──────── STORED DATA
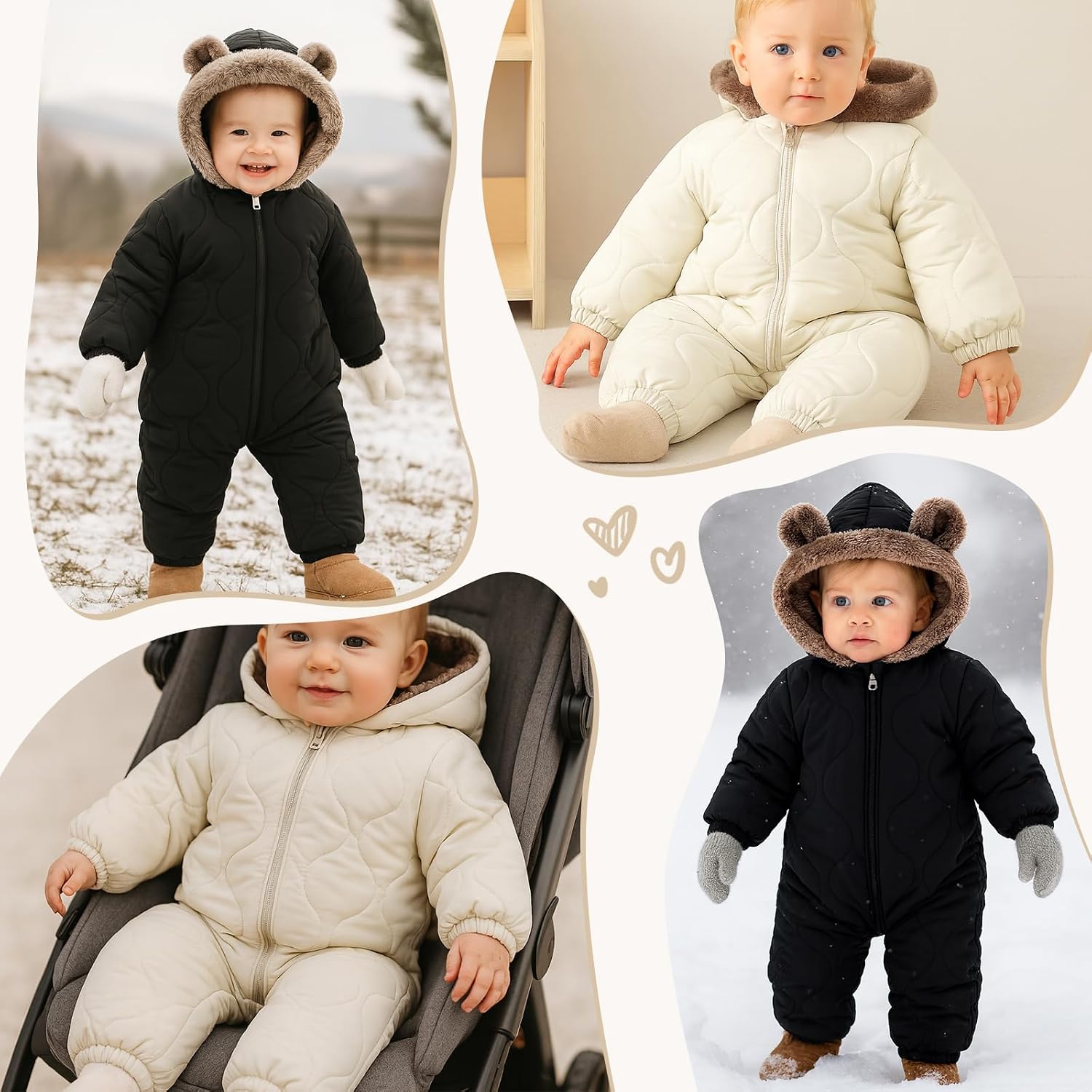 Thumbnail 5 de Yanmucy Baby Snowsuit Thick Fleece Warm Baby Coat Winter Jumpsuit – 0-24 Months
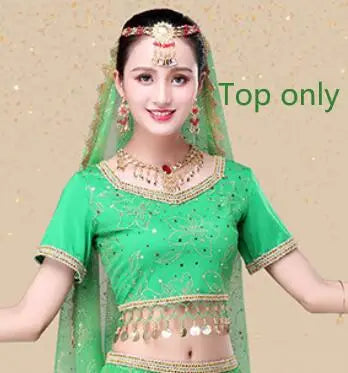 Bollywood Belly Dance Costume Set Indian Dance Sari 2/3/4/5pcs Chiffon Belly Dance Clothing Women Oriental Dance Practice Suit - Velora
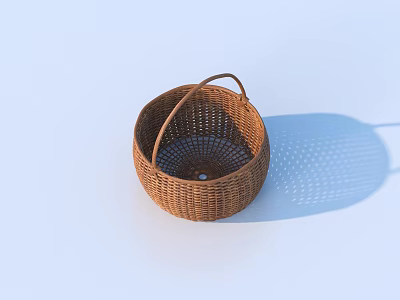 Durable Brown Woven Household Basket With Handle For Storage Use 3d model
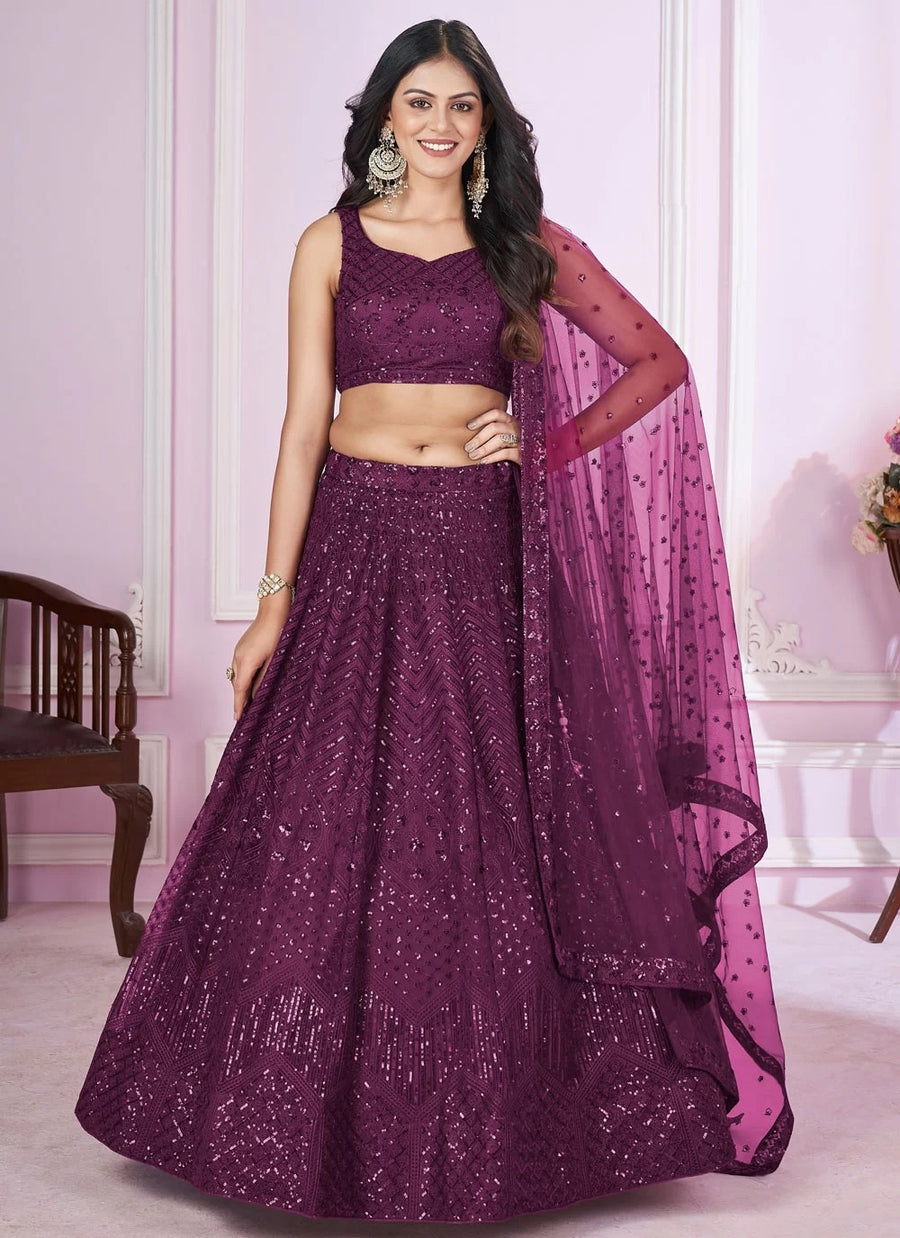 Purple Engagement Lehenga – Elegant Soft Net Designer Set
────────────────
ASSIGNMENT: Please reprint the whole listing exactly and omit its pictures.

RESPONSE TO THIS EXERCISE:
 Thumbnail 5 de Yanmucy Baby Snowsuit Thick Fleece Warm Baby Coat Winter Jumpsuit – 0-24 Months
 Bollywood Belly Dance Costume Set Indian Dance Sari 2/3/4/5pcs Chiffon Belly Dance Clothing Women Oriental Dance Practice Suit - Velora
 Durable Brown Woven Household Basket With Handle For Storage Use 3d model
 Purple Engagement Lehenga – Elegant Soft Net Designer Set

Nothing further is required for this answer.